The invention also concerns a Network Application Functions (NAF) server comprising:

• • a receiver to receive, from user equipments, requests of communication with another user equipment;
  • a retriever to retrieve bootstrapping service derived keys Ks_(ext/int)_NAF from at least one BSF for the two user equipments;
  • a calculation module to calculate a session key or to generate a message from bootstrapping service derived NAF keys Ks_(ext/int)_NAF1 and Ks_(ext/int)_NAF2;
  • an encryption module to encrypt the session key or the message using respective user equipment's NAF keys;
  • a transmitter to send the encrypted session key or to send the generated message for constructing the session key that will enable each user equipment to calculate the common session key.

The invention also relates to a GBA compliant user equipment comprising:

• • a challenge processing module to respond a challenge received from a BSF,
  • a key derivation module,
  • a communication module comprising at least:
    • a transmitter to transmit requests of communication with another user equipment,
    • a receiver to receive requests of communication from another user equipment and receive a message for constructing a session key or receive an encrypted session key,
    • a voice communication module to establish a communication with another equipment using said session key,
  • a decryption module to decrypt a message for constructing the session key or a session key,
  • in the case a message for constructing the session key is received, a calculation module to calculate the session key from the message.

Advantageously, such GBA compliant user equipment comprises an UICC including said challenge processing module, said key derivation module and said decryption module.

Such user equipment can implement some of the preferred embodiments of the invention where the decryption of the message for constructing the session key or of the session key itself is realized inside the UICC.

Preferably, said UICC further includes said calculation module.

Such a user equipment is able to implement the preferred embodiment and option of the invention where the session key is calculated inside the UICC guaranteeing the strongest security.

With the invention, a true end to end security for user-to-user communication can be achieved without requiring physical replacement of UICC deployed in the field.
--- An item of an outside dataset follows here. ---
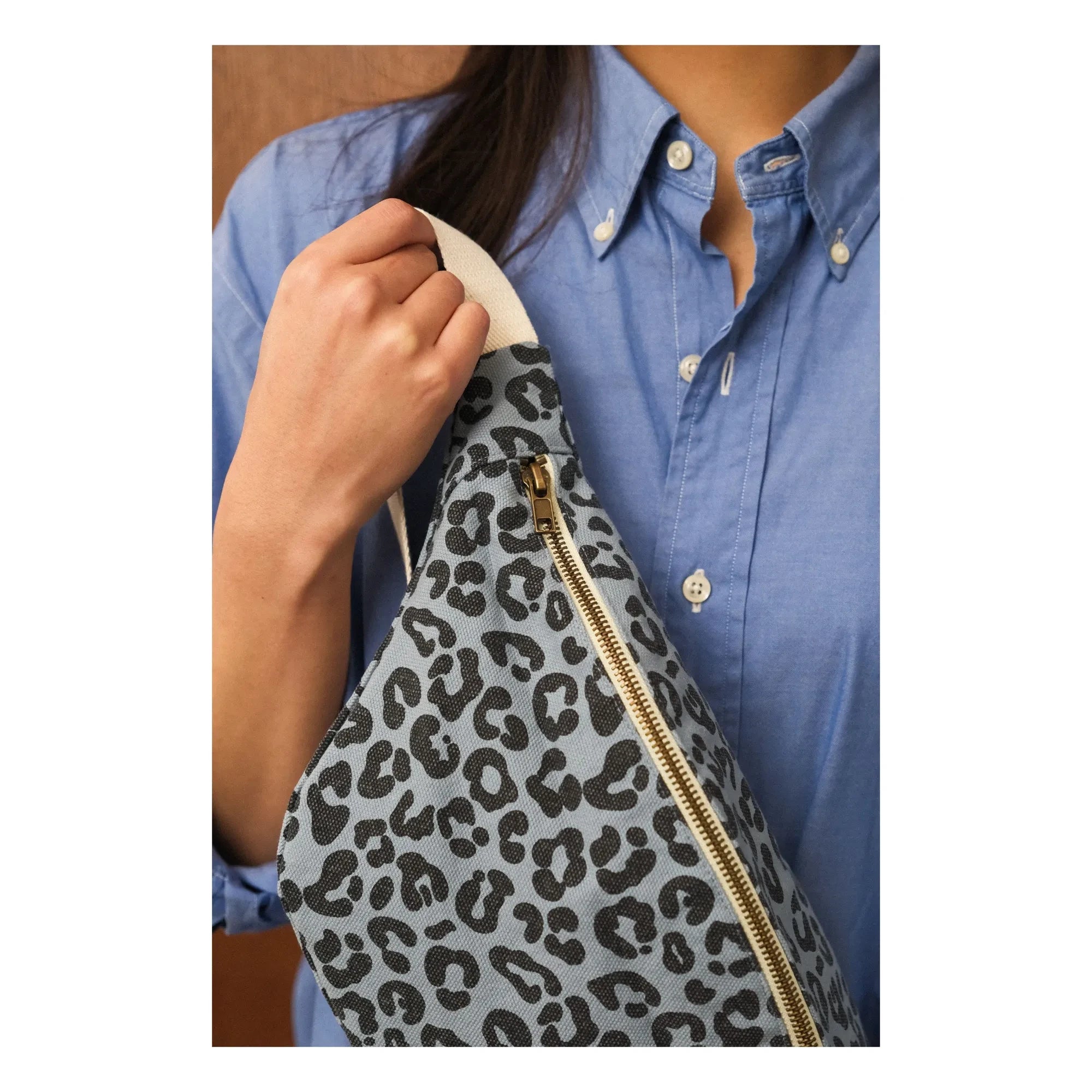 Rose in April - Graou Waist Bag | Blue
The mechanism is generic and can be applied to any type of user-to-user secure communication.

To the accomplishment of the foregoing and related ends, one or more embodiments comprise the features hereinafter fully described and particularly pointed out in the claims.

BRIEF DESCRIPTION OF THE DRAWINGS

The following description and the annexed drawings set forth in detail certain illustrative aspects and are indicative of but a few of the various ways in which the principles of the embodiments may be employed. Other advantages and novel features will become apparent from the following detailed description when considered in conjunction with the drawings and the disclosed embodiments are intended to include all such aspects and their equivalents.
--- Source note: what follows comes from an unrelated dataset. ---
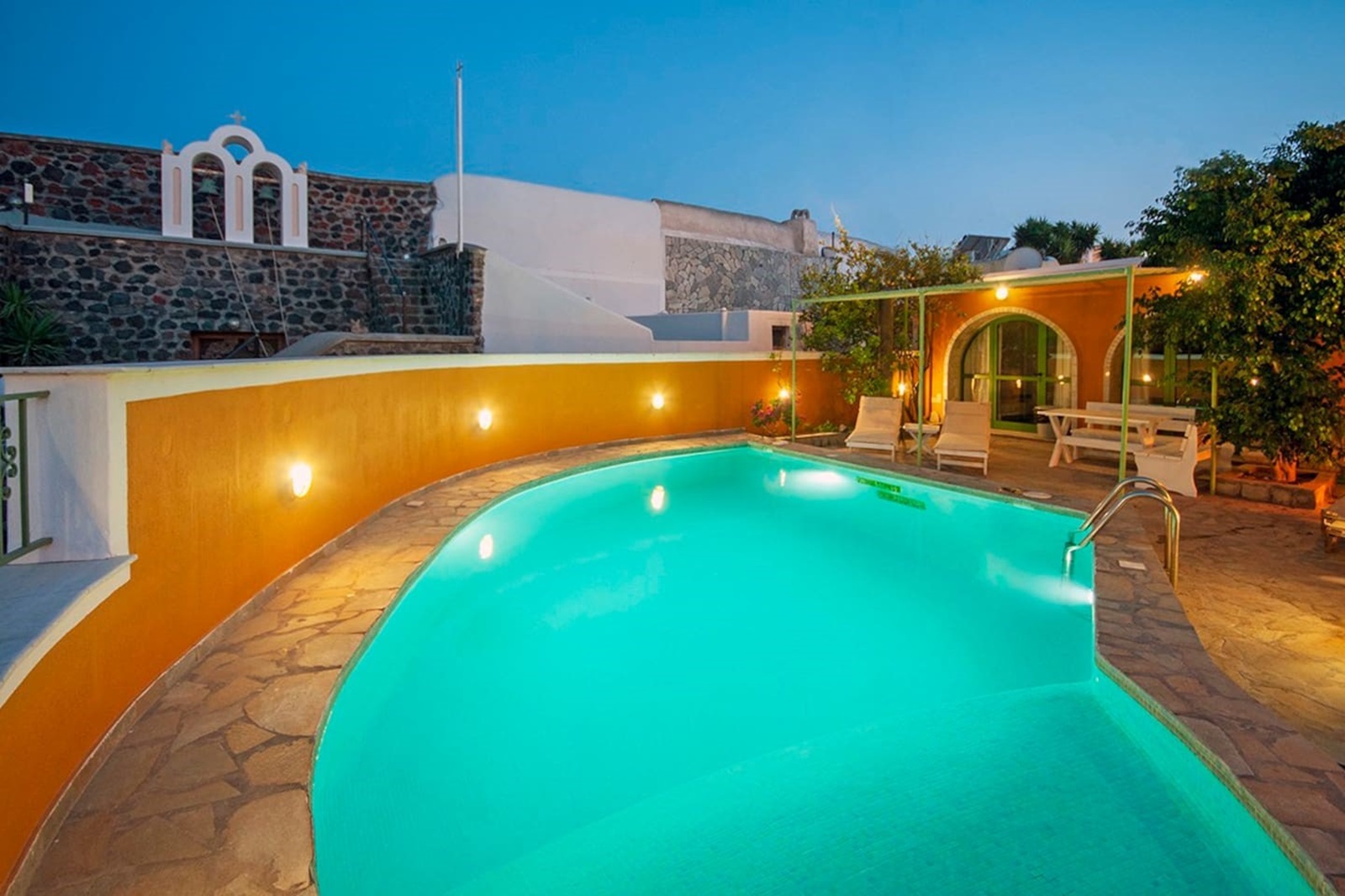 House in Santorini for sale. ID S4-8694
FIG. 1 represents the environment in which the invention is implemented;

FIG. 2 shows schematically an embodiment of the method of the invention;

FIG. 3 shows schematically another embodiment of the invention;

FIG. 4 schematically represents an user equipment wherein the invention is advantageously implemented;

FIG. 5 schematically shows a GBA compliant UICC (GBA_U UICC) as advantageously implemented in an user equipment as shown on FIG. 4.
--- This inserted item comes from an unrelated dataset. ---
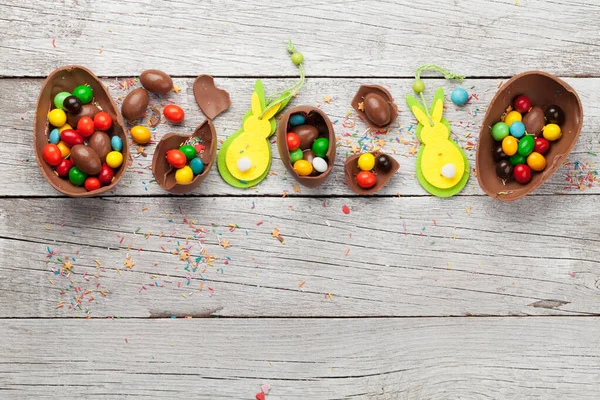 Oeufs Pâques Chocolat Bonbons Colorés Sur Une Carte Vœux Bois — Photo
DETAILED DESCRIPTION OF EMBODIMENTS OF THE INVENTION

In the following detailed description, reference is made to the accompanying drawings that show, by way of illustration, specific embodiments in which the invention may be practiced. These embodiments are described in sufficient detail to enable those skilled in the art to practice the invention. It is to be understood that the various embodiments of the invention, although different, are not necessarily mutually exclusive. For example, a particular feature, structure, or characteristic described herein in connection with one embodiment may be implemented within other embodiments without departing from the spirit and scope of the invention. In the drawings, like numerals refer to the same or similar functionality throughout the several views. For clarity, only those elements and steps which are useful to the understanding of the present invention have been shown in the drawings and will be described.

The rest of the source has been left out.